On Wed, Jul 02, 2014 at 11:16:52AM +0200, Alexander Graf wrote:
Are you sure there's not just simply some irq unmasking event
after 5500ms we don't handle properly?
I poked around a bit, and the e1000 interrupt mask register is NOT the
problem (the LSC mask bit is clear at all times). If anything, maybe
the PIIX southbridge (or something further up "north") is masking PCI
interrupts (at least from e1000) until roughly 5500 ms into the boot
process ? Any ideas on how I could go about verifying this (without
access to the guest source, obviously :) ) would be very helpful...
Yeah, maybe the interrupt is masked and doesn't get delivered properly? See
if you can trace when the e1000 emulation starts kicking an interrupt and
when the guest tries to fetch it (there should be an ack register for IRQs
somewhere).
If we kick it but the guest doesn't react, the problem is further down -
check whether the IRQ ever got injected into the guest with trace points.

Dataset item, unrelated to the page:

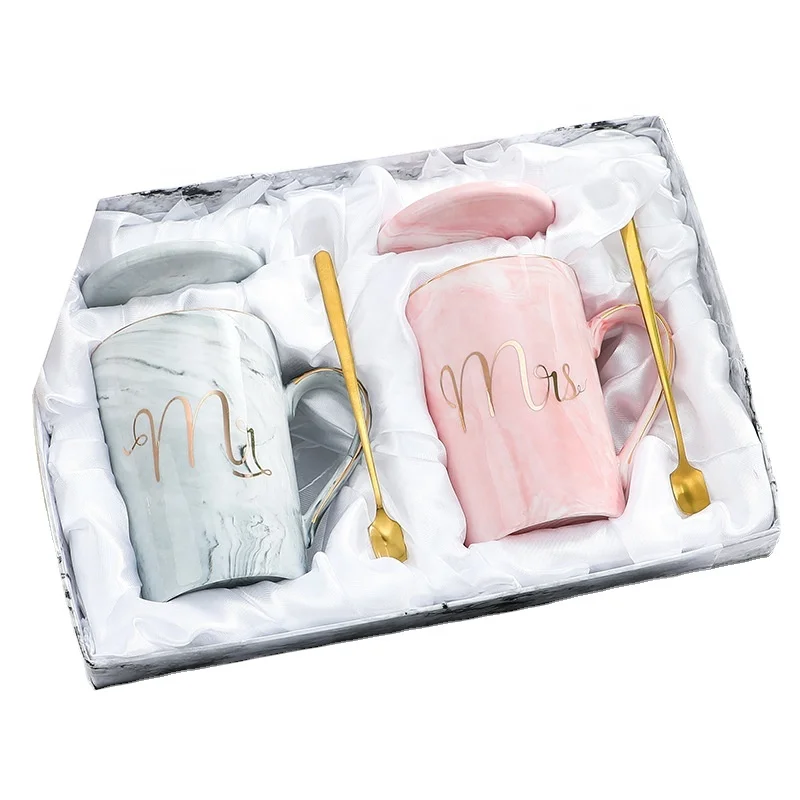 

Nordic Style Ceramic Marble Mugs Porcelain Creative Mug Set Gift Box Ceramic Couple Coffee Mug, Grey,pink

If we don't kick it, we mask it somewhere in the e1000 emulation and need to
make sure we do kick once we unmask :). I don't know whether the LSC mask is
the only one involved.
So it turns out everything I thought I knew (which was little indeed)

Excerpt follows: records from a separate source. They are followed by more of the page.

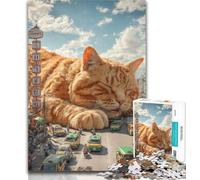 Teenager Jigsaw Giant Orange Cat Jigsaw Puzzle 1000 Pieces for Teenagers,Stress Reliever Staycation Kill Time Funny Gift 50x75cm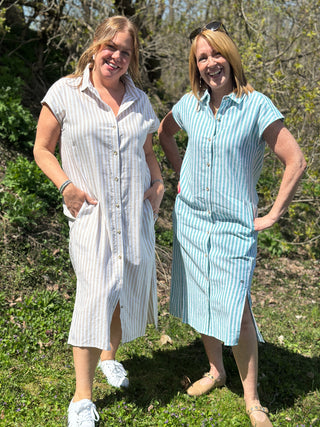 FIG Kelly Shirt Dress in White Pepper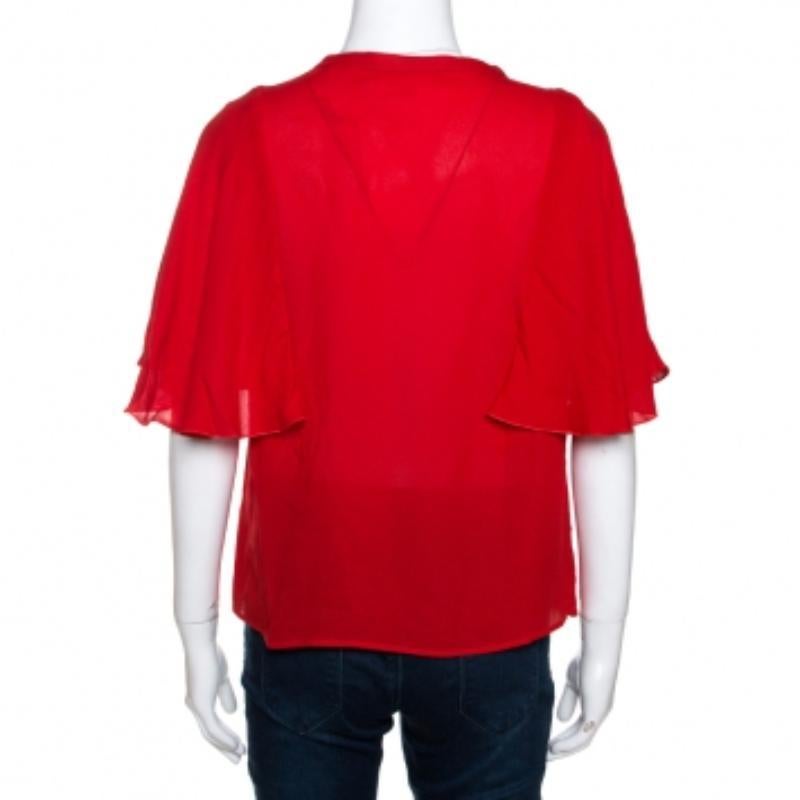 Rouge Giambattista Valli haut cape à volants en crêpe rouge M en vente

was more or less wrong. The problem, as far as I'm observing it now,
is that on PIIX, the OS X guest obsessively reads the ICR in a tight
loop. It reads the injected LSC (and probably discards it) before
unmasking the corresponding interrupt bit; later on, when it unmasks
LSC, giving the emulated e1000 hardware a chance to raise the irq
line, the actual LSC event has been flushed from the ICR, and the
driver does not detect the link coming up.

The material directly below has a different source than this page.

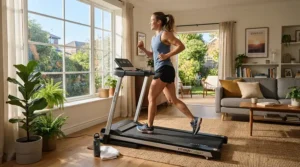A person running on a foldable treadmill for weight loss at home during a morning routine in a bright living room.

Here's how things work normally on Q35 (with INTERRUPT and PHY debugging
enabled, // my comments on the side):
e1000: set_imc ffffffff
e1000: set_ics 0, ICR 0, IMR 0
e1000: set_interrupt_cause: mit_irq_level=0
e1000: set_imc ffffffff
e1000: set_ics 0, ICR 0, IMR 0
e1000: set_interrupt_cause: mit_irq_level=0
e1000: ICR read: 0
e1000: set_interrupt_cause: mit_irq_level=0
e1000: set_imc ffffffff
e1000: set_ics 0, ICR 0, IMR 0
e1000: set_interrupt_cause: mit_irq_level=0
e1000: ICR read: 0
e1000: set_interrupt_cause: mit_irq_level=0
e1000: set_imc ffffffff
e1000: set_ics 0, ICR 0, IMR 0
e1000: set_interrupt_cause: mit_irq_level=0
e1000: set_imc ffffffff
e1000: set_ics 0, ICR 0, IMR 0
e1000: set_interrupt_cause: mit_irq_level=0
e1000: ICR read: 0
e1000: set_interrupt_cause: mit_irq_level=0
e1000: set_imc ffffffff
e1000: set_ics 0, ICR 0, IMR 0
e1000: set_interrupt_cause: mit_irq_level=0
e1000: ICR read: 0
e1000: set_interrupt_cause: mit_irq_level=0
e1000: Start link auto negotiation
e1000: Auto negotiation is completed
e1000: set_ics 4, ICR 0, IMR 0 // autoneg timer injects LSC
e1000: set_interrupt_cause: mit_irq_level=0
e1000: set_ics 2, ICR 4, IMR 0
e1000: set_interrupt_cause: mit_irq_level=0
e1000: set_ics 2, ICR 6, IMR 0
e1000: set_interrupt_cause: mit_irq_level=0
e1000: set_ims df // guest unmasks interrupts
e1000: set_ics 0, ICR 6, IMR df
e1000: set_interrupt_cause: mit_irq_level=1 // first raising irq edge
e1000: ICR read: 6 // guest receives LSC (+more)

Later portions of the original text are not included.